▶ [EXERCISE] The result should be an exact copy of the entries below, free of pictures.
····················
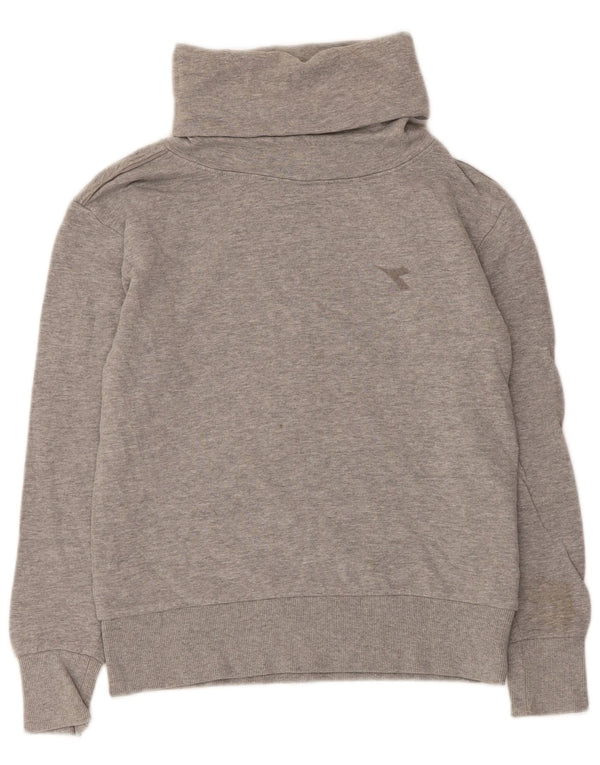 Felpa da donna Diadora con collo alto, maglione UK 10, piccolo cotone chiazzato grigio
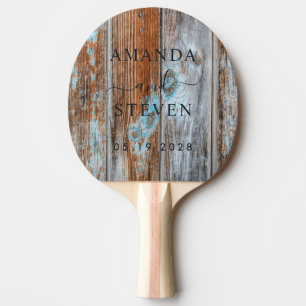 Worn Blue Wash Wood Couple Names with Wedding Date Ping Pong Paddle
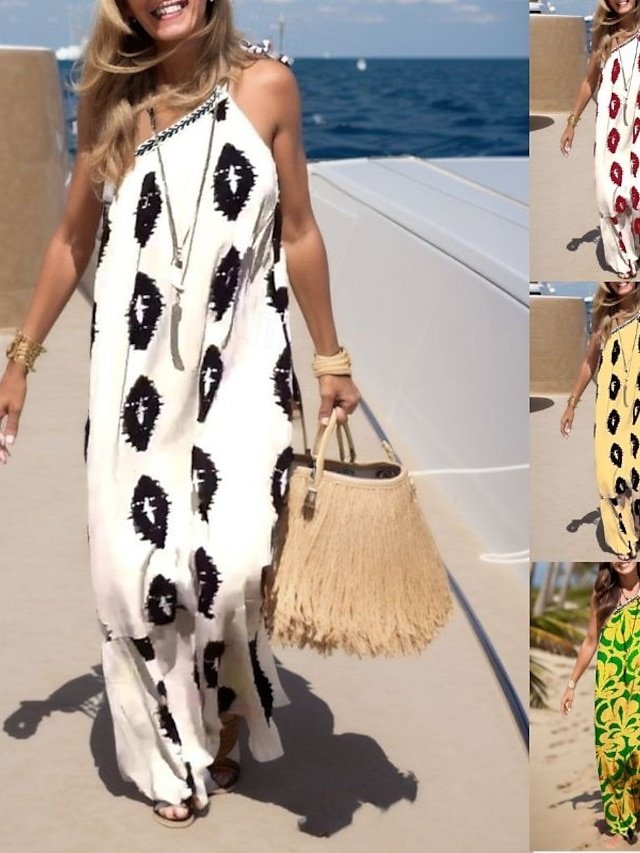 Daily Loose Print Halter Neck Sleeveless Maxi Dress - Image 1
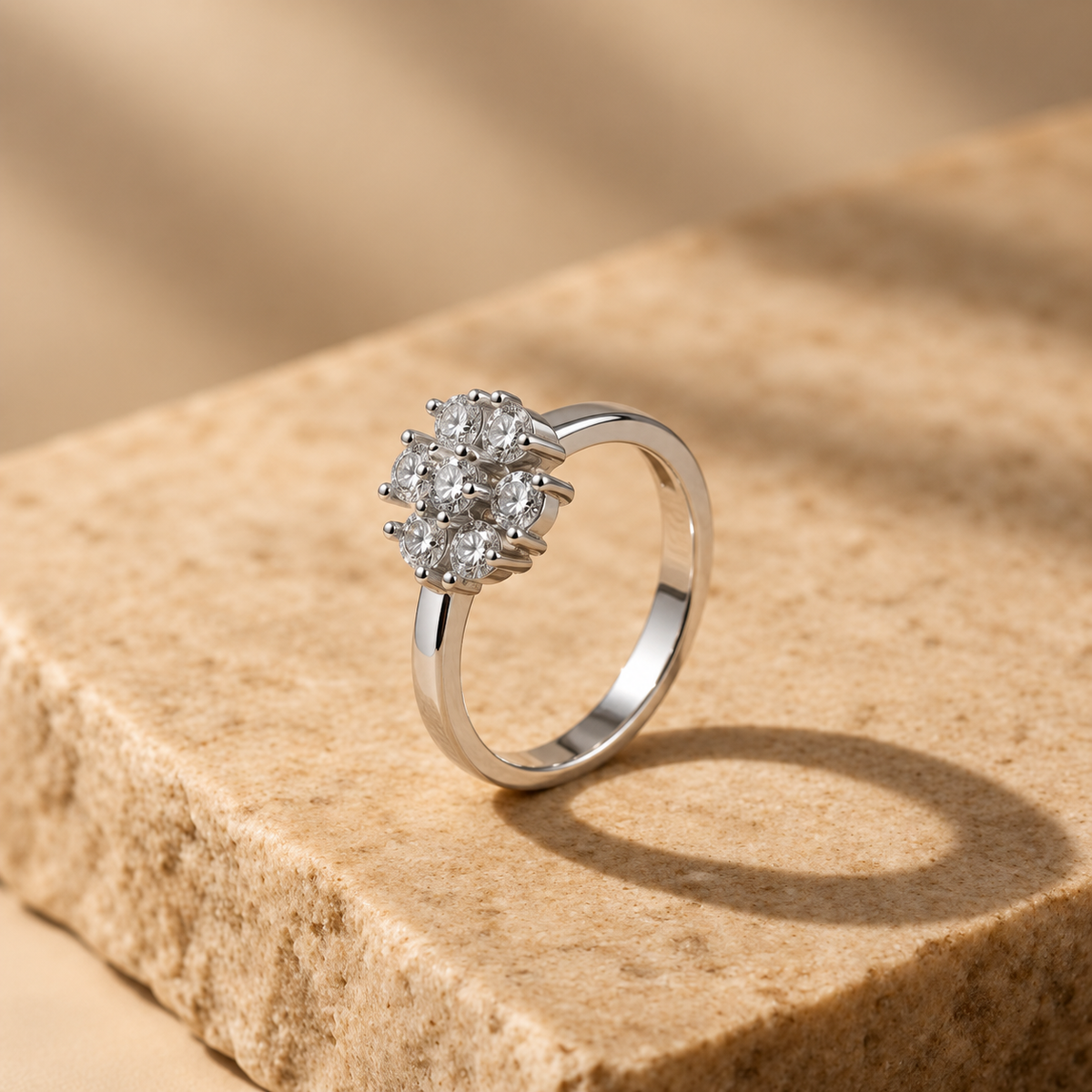 Silver Floral Cluster Ring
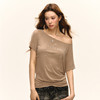 Ariseism 美式复古斜肩短袖T恤女2025夏季新款辣妹宽松上衣 商品缩略图0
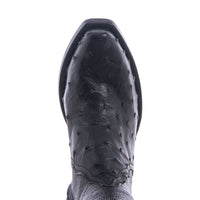 Ladies Black Full Quill Ostrich Smooth Ostrich Short Boot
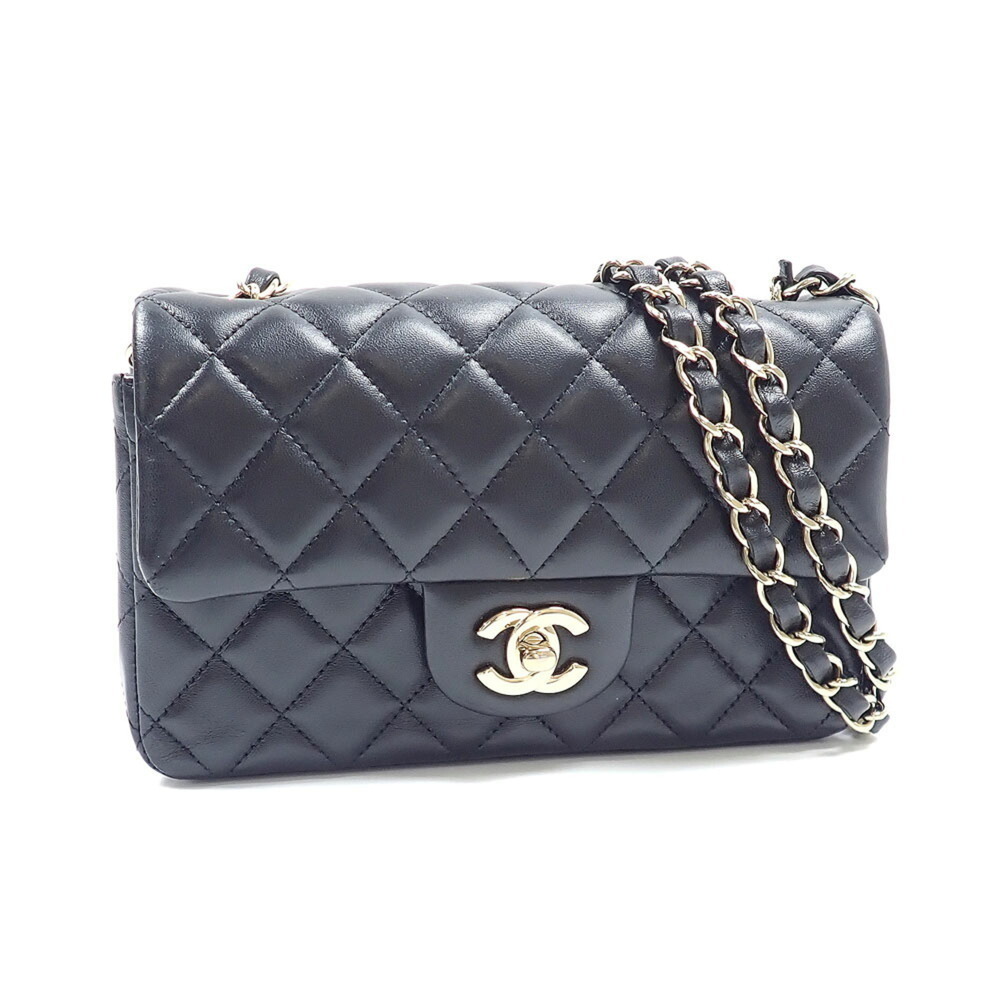 Chanel Chain Shoulder Bag Matelassé 20 Women's Black Lambskin A69900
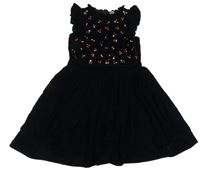Černé sametové šaty s kamínky a volánky Next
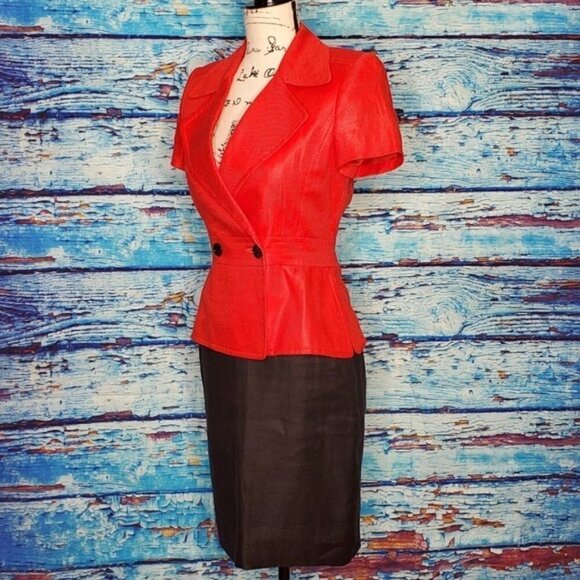𝅺LINDA Allard Ellen Tracy Red & Black Career Suit - Picture 2 of 7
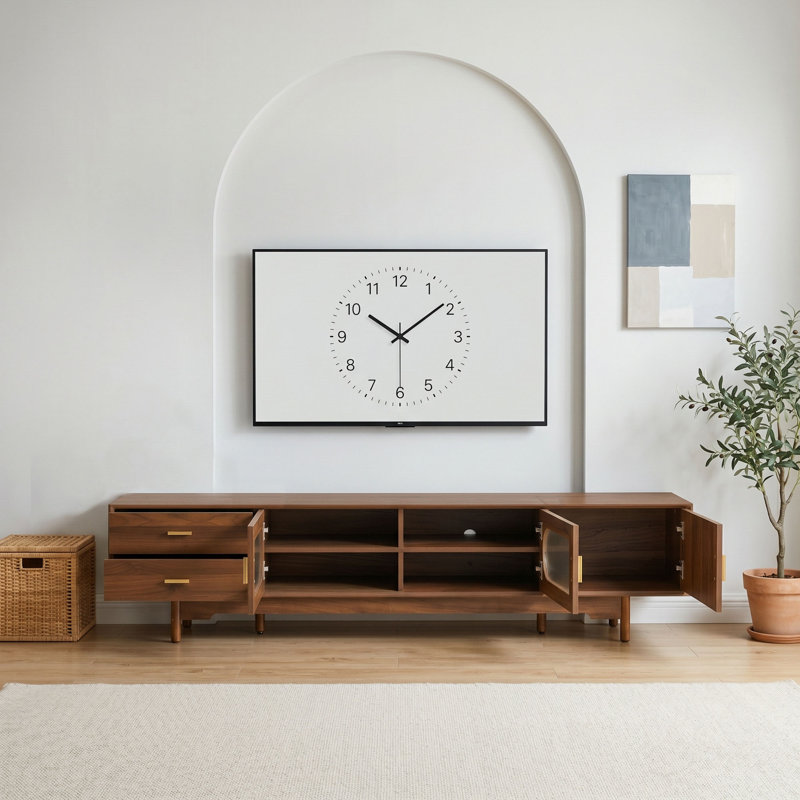 Meuble télé contemporain avec portes en verre cannelé, 2 tiroirs et trous de câbles intégrés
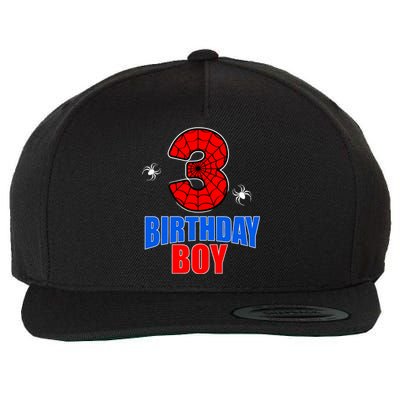 Spider Web Three 3 Years Old 3rd Birthday Boy Party Wool Snapback Cap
····················
▶ [FINAL ANSWER]
 Felpa da donna Diadora con collo alto, maglione UK 10, piccolo cotone chiazzato grigio
 Worn Blue Wash Wood Couple Names with Wedding Date Ping Pong Paddle
 Daily Loose Print Halter Neck Sleeveless Maxi Dress - Image 1
 Silver Floral Cluster Ring
 Ariseism 美式复古斜肩短袖T恤女2025夏季新款辣妹宽松上衣 商品缩略图0
 Ladies Black Full Quill Ostrich Smooth Ostrich Short Boot
 Chanel Chain Shoulder Bag Matelassé 20 Women's Black Lambskin A69900
Černé sametové šaty s kamínky a volánky Next
𝅺LINDA Allard Ellen Tracy Red & Black Career Suit - Picture 2 of 7
 Meuble télé contemporain avec portes en verre cannelé, 2 tiroirs et trous de câbles intégrés
 Spider Web Three 3 Years Old 3rd Birthday Boy Party Wool Snapback Cap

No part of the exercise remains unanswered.